GPS Helps Parents Track Kids: Is it 'Big Mother'?

April 23, 2006 — -- Now, the same technology that's used to guide missiles and track criminals can be used to track your teenagers.

Sprint Nextel has unveiled a new GPS service it calls the "Family Locator." For $10 a month, parents can know where their children are at all times simply by sending a signal from one cell phone to the other.

The phone company stays away from words like tracking and monitoring, but critics say that's exactly what it amounts to.

For nervous parents, though, it can be $10 a month for piece of mind.

'She Got Us'

Jacqui Fahrnow, a single mother in Shawnee, Kan., bought one of Sprint's new "Family Locator" phones last week. It allows her to pinpoint her two sons' whereabouts within yards.

Over the past decade, the global positioning system, or GPS, has become a powerful navigation tool for hikers, drivers and pilots. Fahrnow demonstrated for ABC News how the tool helps find her kids.

"When you click on locate, I go right to Jordan and it finds him for me," she says. "And there he is right in the city park right where he's supposed to be."

Her sons, playing basketball in the park, hear the locator device on their phone beep. Jordan, 14, exclaims to his 13-year-old younger brother, "Josh! She got us: She knew where we were!"

Fahrnow can even go online to get a map of her kids' movements throughout the day.

"When we were using the phones before without this," she says, "he didn't always hear the phone and he didn't answer it. And it kind of made me a little nervous sometimes."

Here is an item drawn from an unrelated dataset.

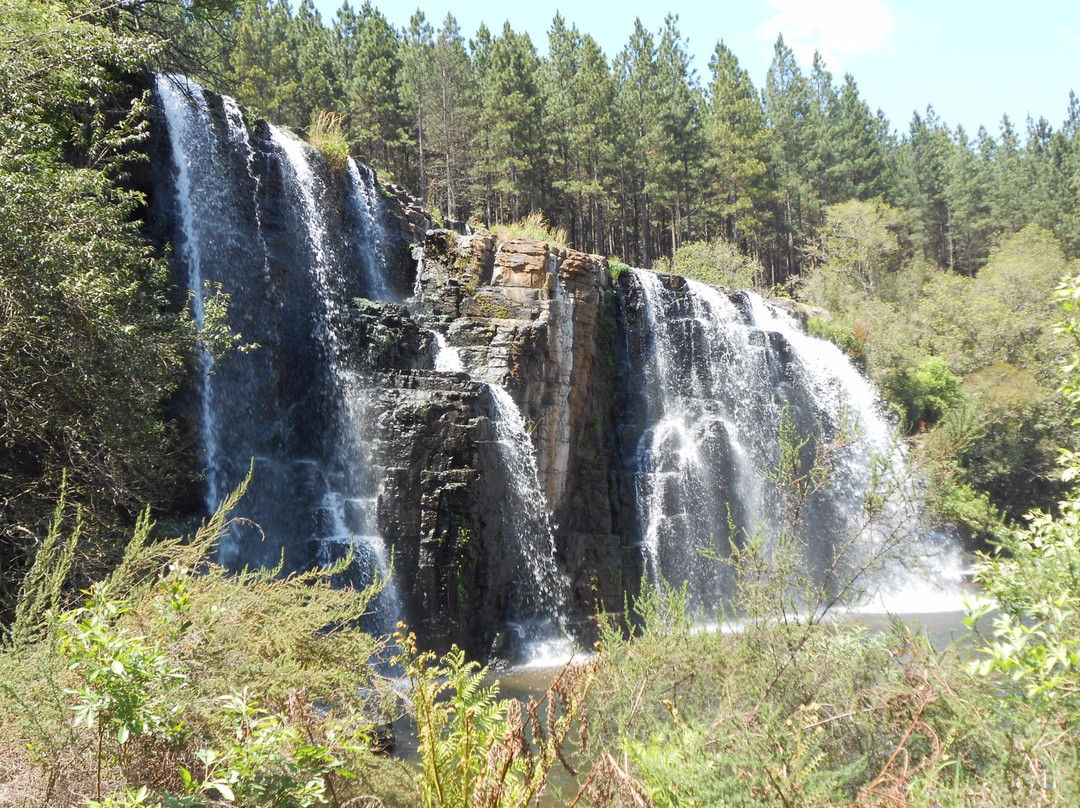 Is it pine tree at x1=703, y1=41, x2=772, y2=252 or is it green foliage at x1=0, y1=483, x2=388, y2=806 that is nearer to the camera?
green foliage at x1=0, y1=483, x2=388, y2=806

For cell phone companies, marketing to nervous parents is a way to tap into a lucrative market -- phones for kids. Several providers are expected to follow Sprint's GPS lead.

Bad for Privacy?

But not everyone thinks it's a good idea.

"I would not have used this device for my kids," says Peter Stearns, provost of George Mason University and author of the book, "Anxious Parents: a History of Modern Childrearing in America." "One of my real worries is that this does not teach kids that privacy is something to be respected, and it does not teach them the kinds of values I think our society is supposed to cherish."

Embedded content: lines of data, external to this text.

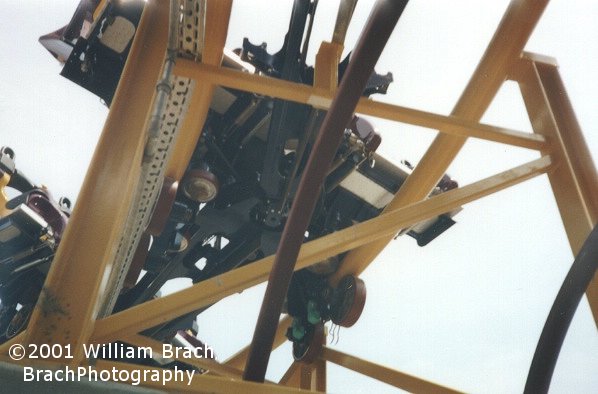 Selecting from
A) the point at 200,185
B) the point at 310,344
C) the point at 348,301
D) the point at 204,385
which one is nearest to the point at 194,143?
the point at 200,185

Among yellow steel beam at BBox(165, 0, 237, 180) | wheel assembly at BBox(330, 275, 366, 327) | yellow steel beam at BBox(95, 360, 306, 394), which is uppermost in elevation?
yellow steel beam at BBox(165, 0, 237, 180)

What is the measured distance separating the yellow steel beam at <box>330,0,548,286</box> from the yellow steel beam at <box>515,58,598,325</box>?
0.49ft

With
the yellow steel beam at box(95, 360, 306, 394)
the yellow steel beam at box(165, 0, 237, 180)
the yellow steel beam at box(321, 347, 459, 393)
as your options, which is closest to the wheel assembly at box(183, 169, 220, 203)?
the yellow steel beam at box(165, 0, 237, 180)

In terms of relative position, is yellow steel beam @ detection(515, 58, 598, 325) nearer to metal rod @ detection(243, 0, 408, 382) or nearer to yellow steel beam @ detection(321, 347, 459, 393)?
yellow steel beam @ detection(321, 347, 459, 393)

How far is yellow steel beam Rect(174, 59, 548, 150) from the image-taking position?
2.59m

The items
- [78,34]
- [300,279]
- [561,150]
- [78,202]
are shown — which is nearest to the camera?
[78,202]

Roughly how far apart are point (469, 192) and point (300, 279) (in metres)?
2.09

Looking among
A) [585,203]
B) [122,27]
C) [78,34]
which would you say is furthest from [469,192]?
[78,34]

Sprint sees it differently.

"It's not about controlling a child wherever they are; it's about giving you the power to locate them when you need to and the ability to communicate with them when you need to," says Dan Gilmartin, Sprint's marketing manager for consumer location-based services.

Gilmartin points out children do get notified with an automatic text message every time their parents use the locator.

The phone isn't foolproof. The feature does not work if kids turn off their cell phones.

"I don't see this as, you know, the ankle bracelet for them," says Fahrnow, who has called her sons and asks them to bring home a can of tomato juice after discovering via the locator that her sons are near the grocery store.

"It just kind of goes back to making sure my kids are safe," she added, "because it isn't the same world as when I was growing up."